Тем временем миссис Джеймисон предавалась недоуменным размышлениям о том, почему мистер Муллинер не подает чая, и в конце концов это недоумение просочилось из ее губ.
— Так я позвоню, дорогая? — энергично сказала леди Гленмайр.
— Нет… лучше не надо… Муллинер не любит, когда его торопят.
Нам всем очень хотелось чаю, так как мы обедали в более ранний час, чем миссис Джеймисон. Подозреваю, что мистер Муллинер не пожелал отрываться от «Сентджеймской хроники» ради того, чтобы утруждать себя сервировкой чая. Его госпожа ерзала на стуле и время от времени повторяла:
— Не понимаю, почему Муллинер не несет чая.

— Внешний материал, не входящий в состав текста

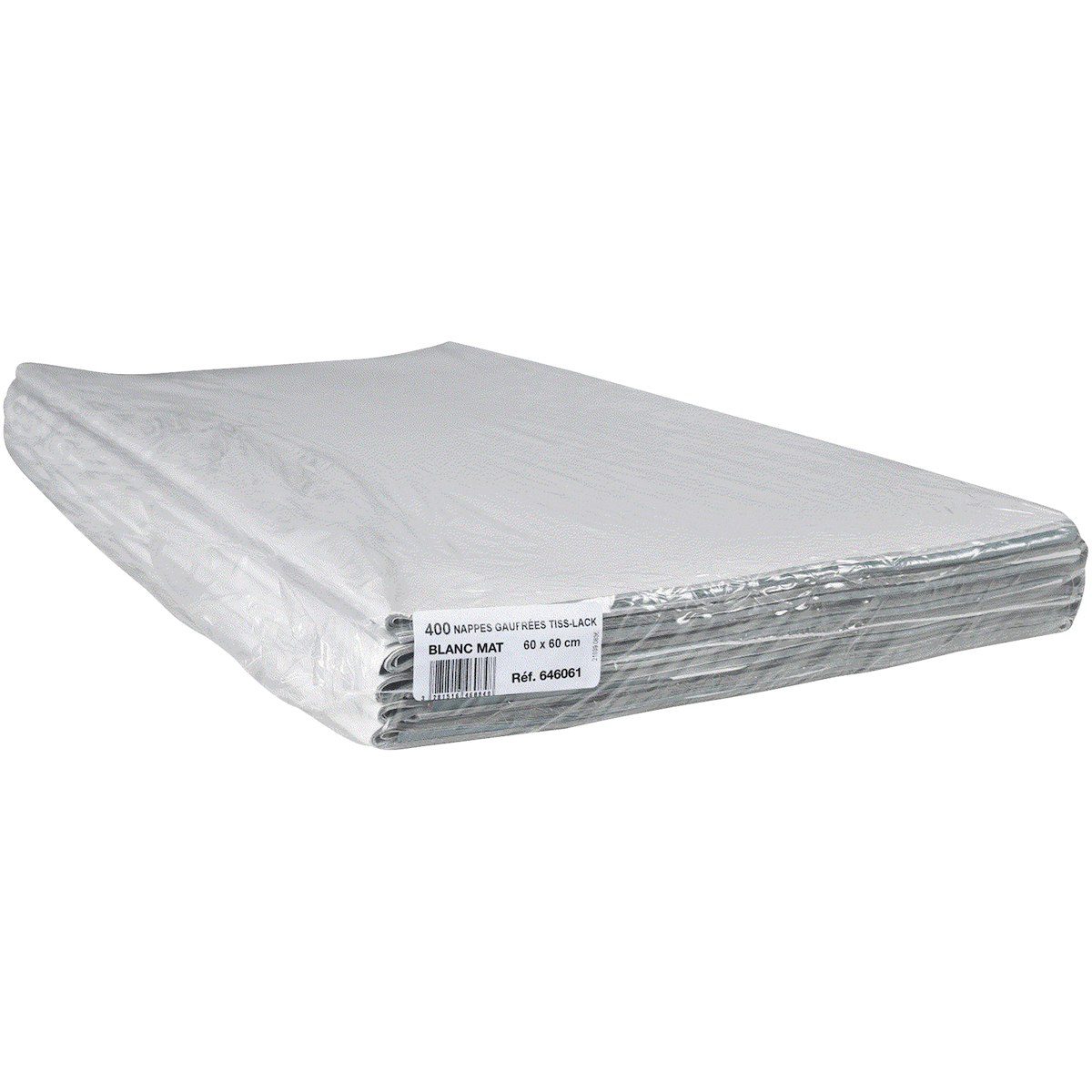 400 NAPPES EXTRA BLANC GAUFRÉES 60X60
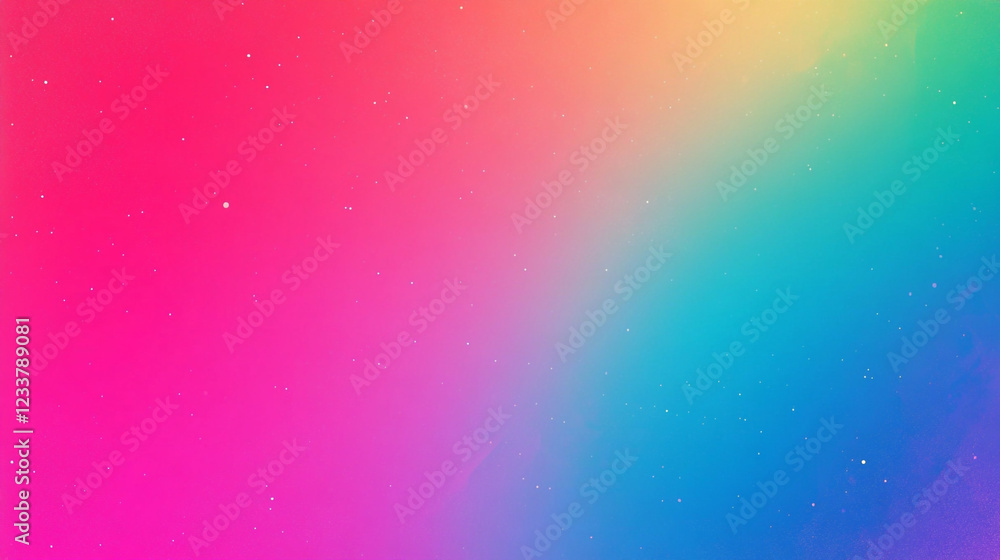 Poster background of empty room with spotlights and lights, dark abstract background with neon lines, glow.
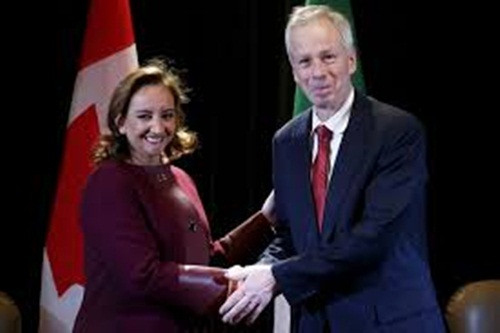 Tháng 6/2012, Canada, Mexico tuyên bố tham gia đàm phán Hiệp định và trở thành thành viên chính thức tháng 10/2012. Ảnh: OpenCanada.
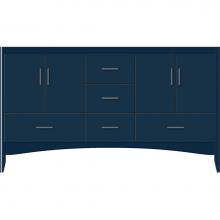 Strasser Woodenwork 58-530 - 60 X 21 X 34.5 Wallingford Vanity Slab Lapis Night Db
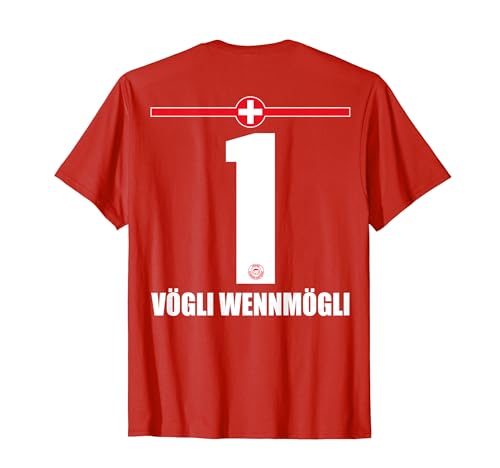 Schweiz Sauf Trikot Herren Vögli Wennmögli Saufnamen T-Shirt von Schweiz Sauf Trikot - Schweizer Trikot Merch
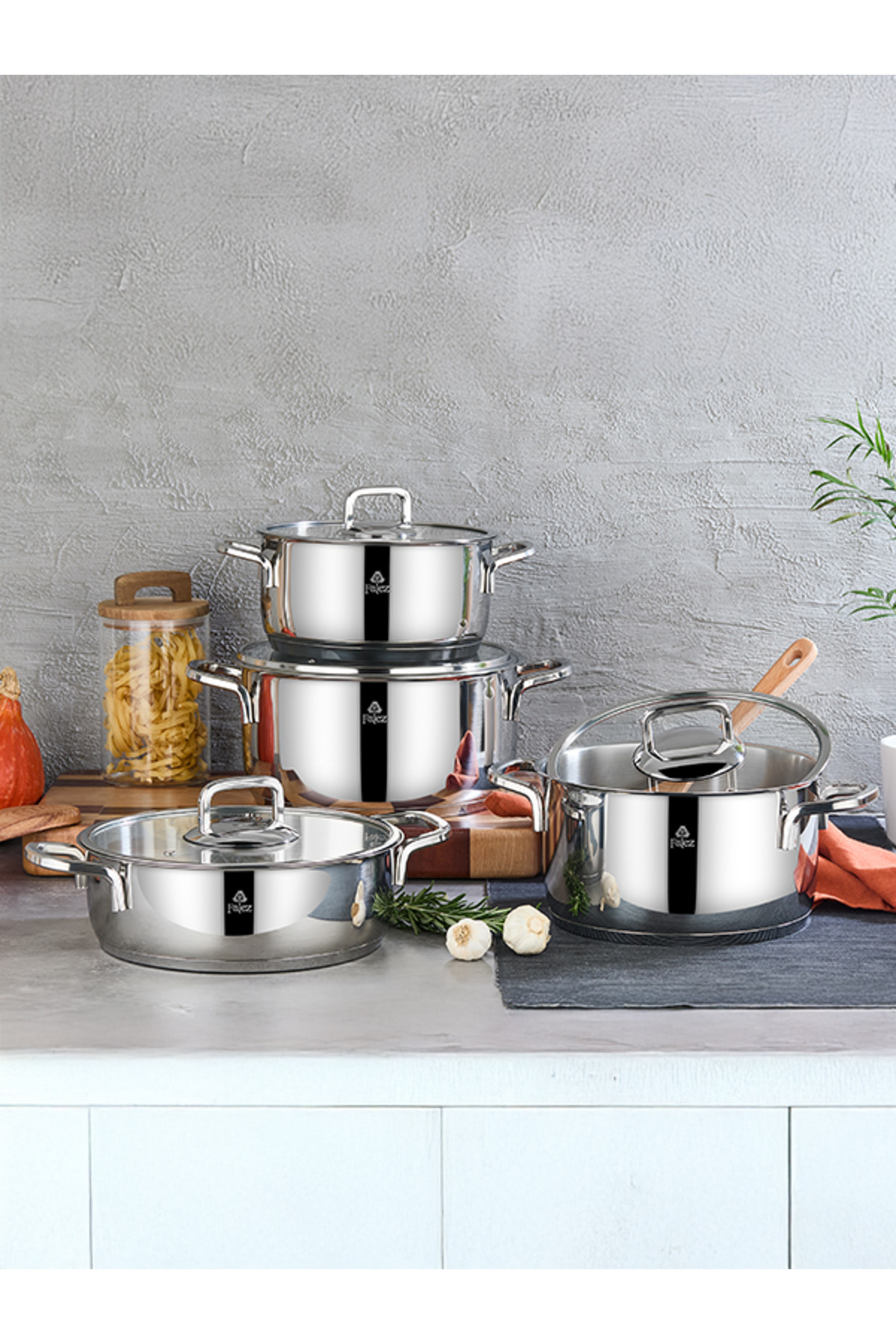 FALEZ Vento 8 Parça Çelik Set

Не понимаю, чем он занят.
Леди Гленмайр тоже исполнилась нетерпения, но скорее из сочувствия, и, воспользовавшись тем, что миссис Джеймисон не отвергла ее предложения с прежней категоричностью, довольно резко дернула сонетку. Мистер Муллинер вступил в гостиную с видом надменного удивления.
— О! — сказала миссис Джеймисон. — Позвонила леди Гленмайр. Если не ошибаюсь, ей хотелось бы чаю.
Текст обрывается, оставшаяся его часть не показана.